Others say that Rumkowski believed that some proportion of the ghetto would survive if they worked for the Nazis. They argue that Rumkowski believed that in order to save the majority of people, they had to cooperate with the Nazis' deportation demands. (Such a move would have immediately set him at odds with Orthodox observant Jews, as there is no justification for delivering anyone to certain death.) Following the setting up of the extermination camp at Chełmno in 1941, the Nazis forced Rumkowski to organize a deportation. Rumkowski claimed that he tried to convince the Nazis to cut down the number of Jews required for deportation and failed. Nevertheless, an estimated number of 5,000 to 10,000 Jews gave him some credit for their survival, and the Łódź ghetto lasted longer than other such establishments in occupied Poland. The Łódź ghetto was also the only ghetto not controlled by the SS.

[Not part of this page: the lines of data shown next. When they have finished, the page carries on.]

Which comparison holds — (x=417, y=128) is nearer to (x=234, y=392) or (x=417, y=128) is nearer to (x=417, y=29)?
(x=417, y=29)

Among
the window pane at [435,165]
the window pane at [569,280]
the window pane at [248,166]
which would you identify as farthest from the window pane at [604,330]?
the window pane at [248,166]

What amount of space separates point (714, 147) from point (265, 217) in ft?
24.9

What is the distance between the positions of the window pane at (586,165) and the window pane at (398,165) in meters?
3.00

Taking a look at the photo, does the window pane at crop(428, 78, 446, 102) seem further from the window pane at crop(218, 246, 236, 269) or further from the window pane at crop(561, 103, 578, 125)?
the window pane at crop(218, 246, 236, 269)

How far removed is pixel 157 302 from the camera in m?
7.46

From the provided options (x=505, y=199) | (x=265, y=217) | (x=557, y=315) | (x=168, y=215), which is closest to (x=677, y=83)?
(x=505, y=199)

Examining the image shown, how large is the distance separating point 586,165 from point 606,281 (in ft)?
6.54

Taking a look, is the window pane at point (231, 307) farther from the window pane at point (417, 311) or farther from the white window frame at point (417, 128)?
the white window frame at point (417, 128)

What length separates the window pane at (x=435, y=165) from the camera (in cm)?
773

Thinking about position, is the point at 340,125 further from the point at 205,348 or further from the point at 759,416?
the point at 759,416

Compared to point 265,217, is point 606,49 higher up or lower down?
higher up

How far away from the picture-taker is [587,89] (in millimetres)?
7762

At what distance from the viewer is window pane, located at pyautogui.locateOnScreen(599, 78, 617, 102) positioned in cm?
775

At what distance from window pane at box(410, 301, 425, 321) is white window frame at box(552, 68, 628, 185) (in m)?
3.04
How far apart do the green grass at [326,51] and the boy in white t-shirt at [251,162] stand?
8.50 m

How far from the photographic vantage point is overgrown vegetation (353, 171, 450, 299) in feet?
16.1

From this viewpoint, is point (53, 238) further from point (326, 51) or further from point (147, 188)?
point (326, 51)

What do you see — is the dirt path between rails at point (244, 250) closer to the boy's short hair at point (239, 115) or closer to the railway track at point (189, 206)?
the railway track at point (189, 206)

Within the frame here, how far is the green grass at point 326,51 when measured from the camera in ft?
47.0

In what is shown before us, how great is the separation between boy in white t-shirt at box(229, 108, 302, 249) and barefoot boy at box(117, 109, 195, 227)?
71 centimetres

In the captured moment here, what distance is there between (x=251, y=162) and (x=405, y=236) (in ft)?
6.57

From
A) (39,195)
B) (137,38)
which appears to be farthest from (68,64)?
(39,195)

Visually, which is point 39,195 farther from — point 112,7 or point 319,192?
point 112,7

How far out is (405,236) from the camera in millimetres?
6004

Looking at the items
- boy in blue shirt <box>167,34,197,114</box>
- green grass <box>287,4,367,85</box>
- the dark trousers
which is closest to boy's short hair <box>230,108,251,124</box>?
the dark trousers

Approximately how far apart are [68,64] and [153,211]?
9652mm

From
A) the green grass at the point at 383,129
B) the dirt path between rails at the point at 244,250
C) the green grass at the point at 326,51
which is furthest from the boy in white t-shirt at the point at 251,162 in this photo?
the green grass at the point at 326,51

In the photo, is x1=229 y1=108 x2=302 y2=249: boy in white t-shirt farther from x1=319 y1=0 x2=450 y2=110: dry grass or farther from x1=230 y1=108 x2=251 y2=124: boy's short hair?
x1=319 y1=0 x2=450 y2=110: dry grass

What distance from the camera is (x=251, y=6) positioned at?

It remains unclear whether, if he had survived the war, Rumkowski would have received thanks for saving the people he did, or a jail-term for allowing so many to go to their deaths. Primo Levi, an Auschwitz survivor, in his book, The Drowned and the Saved, gives considerable consideration to Rumkowski concluding that we forget that "we are all in the ghetto, that the ghetto is walled in, that outside the ghetto reign the lords of death, and that close by the train is waiting." At best, Levi viewed Rumkowski as morally ambiguous and self deluded. Conversely, Hannah Arendt, in her book Eichmann in Jerusalem, was scathing in her opinion of Rumkowski.